### Dataset
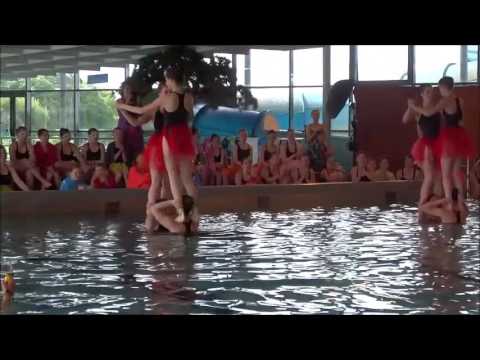 ballet aquatique 2017 - YouTube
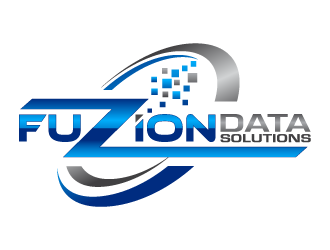 FuZionData Solutions logo design by kgcreative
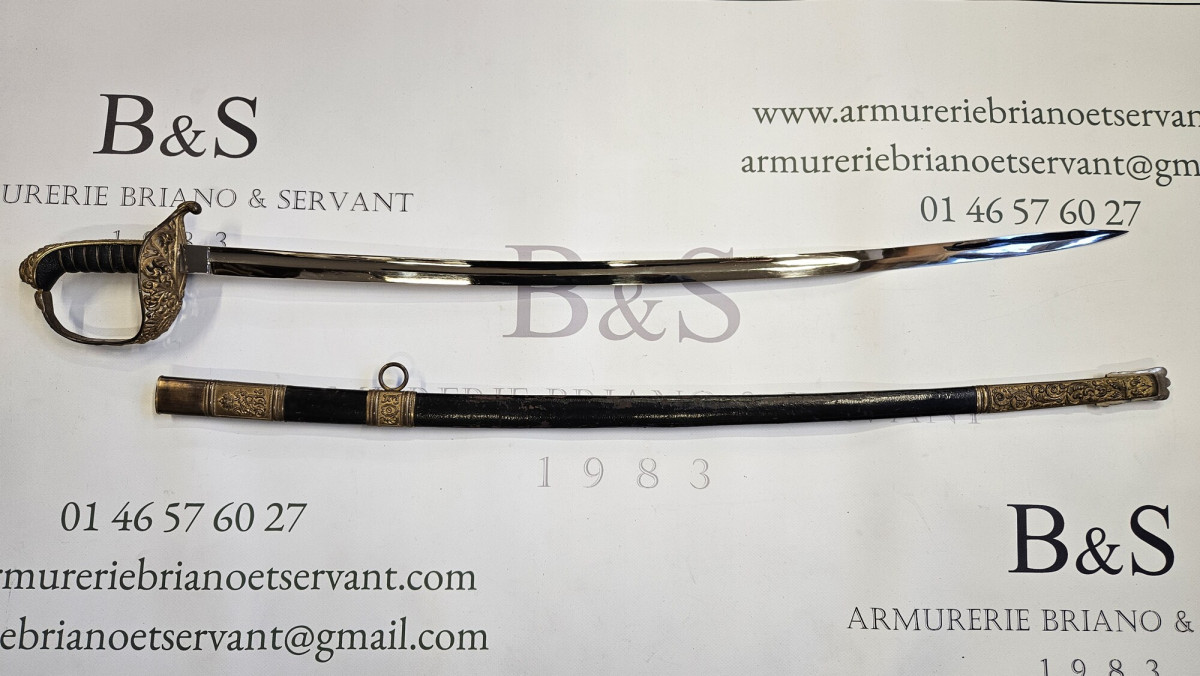 sabre d'officier Austro-Hongrois début XXeme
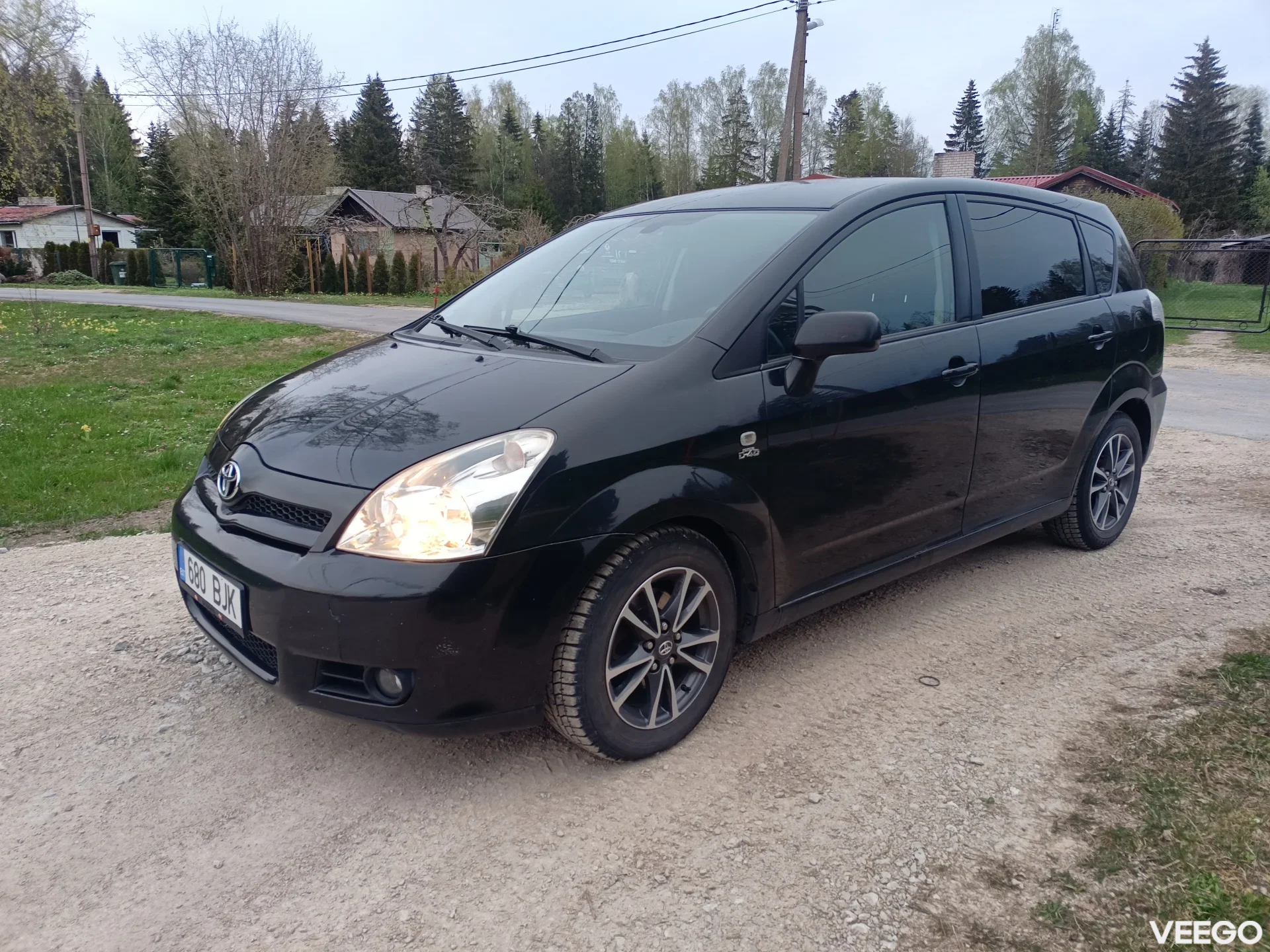 Toyota Corolla Verso 2.0 85kW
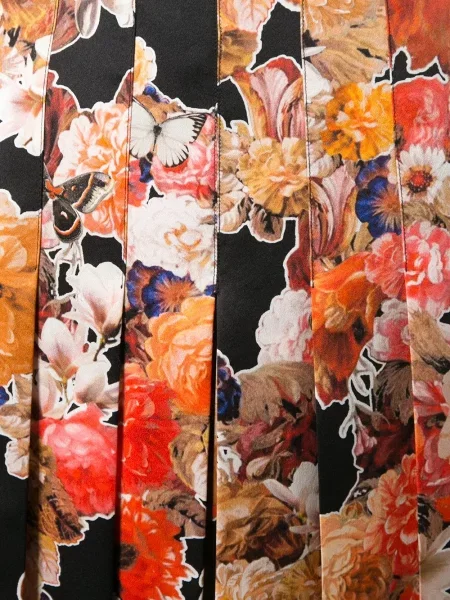 Fustă Givenchy cu model floral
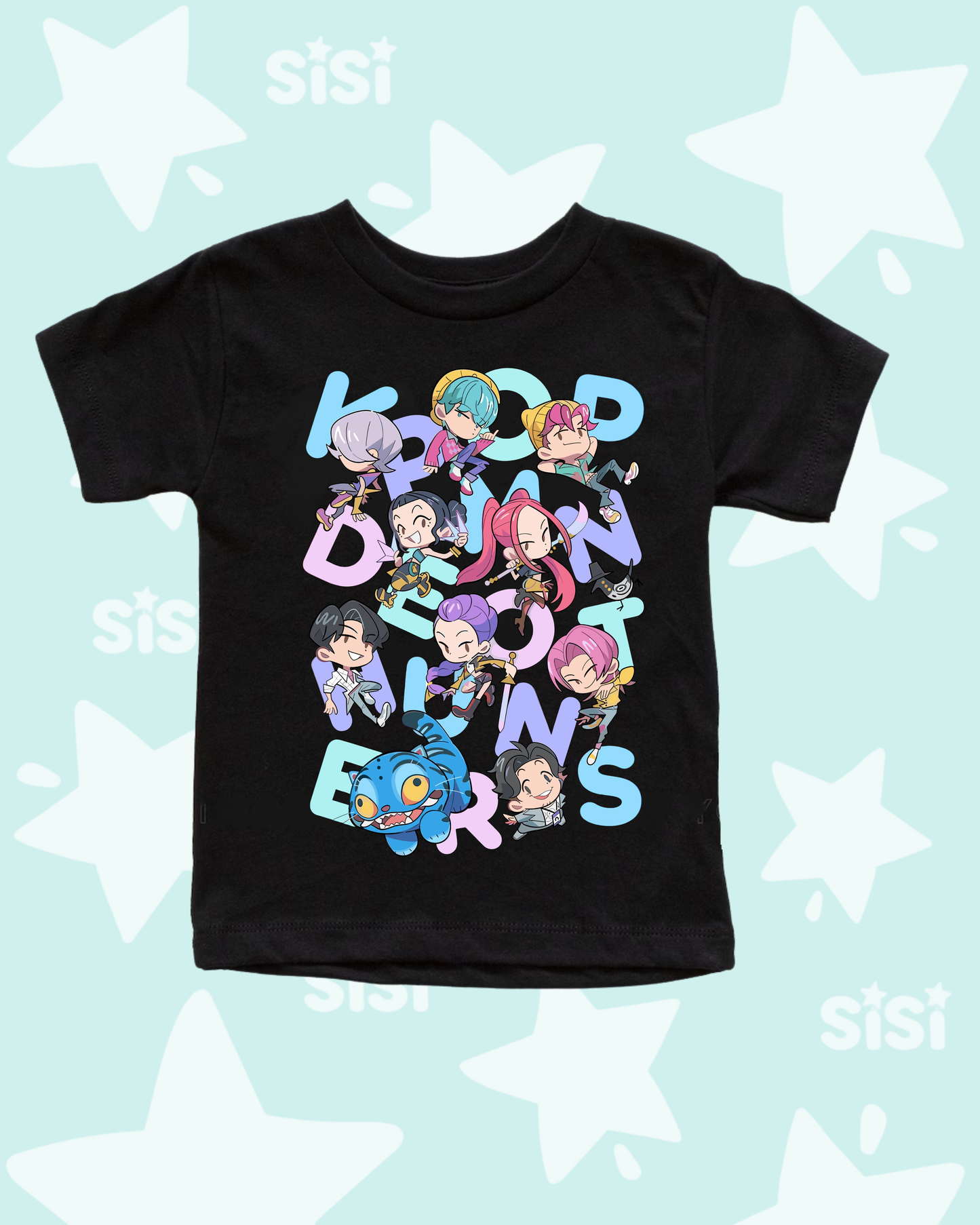 T-Shirt - Kpop Demon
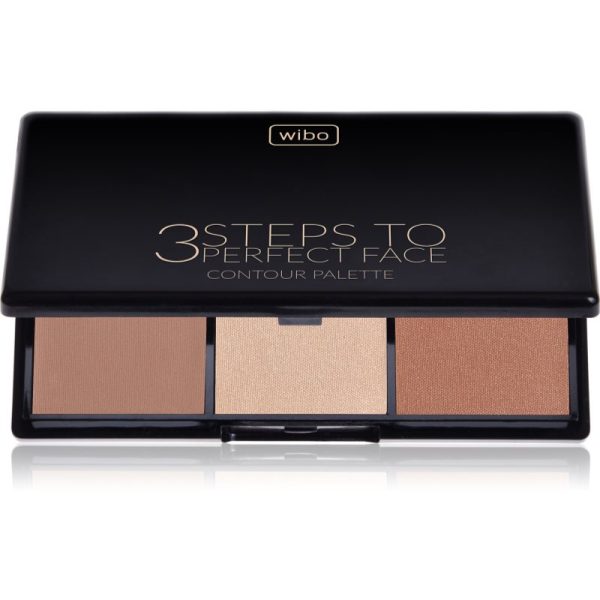 Wibo 3 Steps To Perfect Face Dark Patela pentru conturul fetei faciale 10 g-ro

### Task directions
Every line of the data above is to be set down exactly; the pictures are not.

### Your response
 ballet aquatique 2017 - YouTube
 FuZionData Solutions logo design by kgcreative
 sabre d'officier Austro-Hongrois début XXeme
 Toyota Corolla Verso 2.0 85kW
 Fustă Givenchy cu model floral
 T-Shirt - Kpop Demon
 Wibo 3 Steps To Perfect Face Dark Patela pentru conturul fetei faciale 10 g-ro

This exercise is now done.